While it seems a bit counterintuitive to have a day celebrating abundant eating the day after a national holiday, nevertheless, January 2nd is celebrated as “Buffet Day.”

The concept of a “buffet,” a French word describing a piece of furniture on which varied foods were displayed, was adopted because the Swedish term “smorgasbord,” introduced at the 1939 World’s Fair in New York City, seemed too difficult to pronounce.

Las Vegas, Nevada, features quite a few over-the-top buffets, such as the Carnival World Buffet, which offers more than 300 dishes, including 70 pastries, to anyone who will pay $24 for an all-day pass. There are similar buffets in “Sin City” that focus on seafood, Asian cuisine, poultry and pasta. 
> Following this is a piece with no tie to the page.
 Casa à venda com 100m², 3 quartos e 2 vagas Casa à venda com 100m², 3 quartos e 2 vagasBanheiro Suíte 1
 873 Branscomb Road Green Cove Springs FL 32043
Kosher buffets can be found, as well, at celebrations such as weddings and bar/bat mitzvah celebrations, at organizational dinners and even Shabbat “kiddushes” at synagogue. Despite their popularity, there are some halachic (Jewish legal) issues that must be kept in mind when attending a buffet.

First, the human body becomes satiated after eating a certain amount. At a buffet, people’s eyes may be larger than their stomachs. People may take more food than they need, because, consciously, or perhaps subconsciously, they tell themselves that since they already paid for the food, they may as well eat all of it. They may go back to the buffet even after they are full because it has already been paid for. Maimonides (Mishneh Torah, Laws of De’ot 4:15) writes that “ravenous eating (achilah gassah in Hebrew) is as deadly to the body of every man as poison, and is the base of all sickness.” According to halacha (Jewish law), one who eats so much that it is difficult to continue eating, is not considered to be eating.
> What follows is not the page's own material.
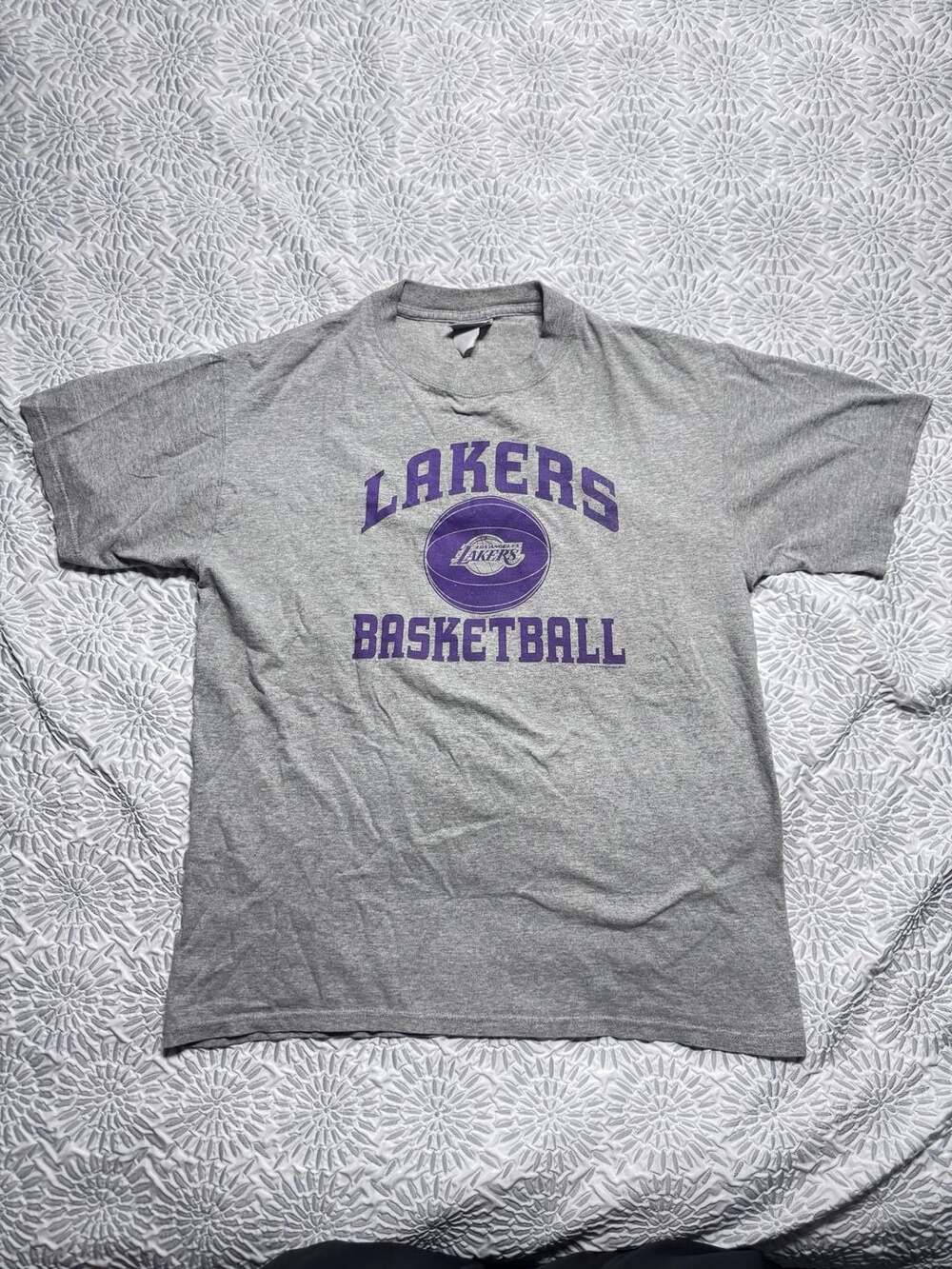Vintage NBA Los Angeles Lakers Gray Basketball Graphic T-Shirt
A second halachic consideration at a buffet is to remember to recite the order of the blessings properly. The general rule is that if one eats bread, no other blessings prior to eating need to be recited, save for the blessing on wine. If one does not eat bread, they should recite the blessings, based on a Biblical verse (Deuteronomy 8:8), in the following order: mezonot (recited over items made from wheat, barley, rye, oats and spelt), ha’etz (recited over fruit), ha’adama (vegetables) and she’ha’kohl (the blessing recited over non-organic food, such as meat, eggs and everything else).

While a kosher caterer will not include both meat and dairy on a buffet, you may find meat and fish on the buffet table. The Talmud (Pesachim 76b) prohibits cooking meat and fish together, claiming that doing so could yield a dangerous combination. The Code of Jewish Law (Yoreh Deah 116:2-3) proscribes eating fish and meat back-to-back without chewing and drinking non-meat or fish in between. Since we avoid eating fish and meat together, we also serve them on different dishes, so the mixture will be avoided.

NOTE: As with all Treats dealing with halacha (points of Jewish law), one should consult one's local rabbi for practical application.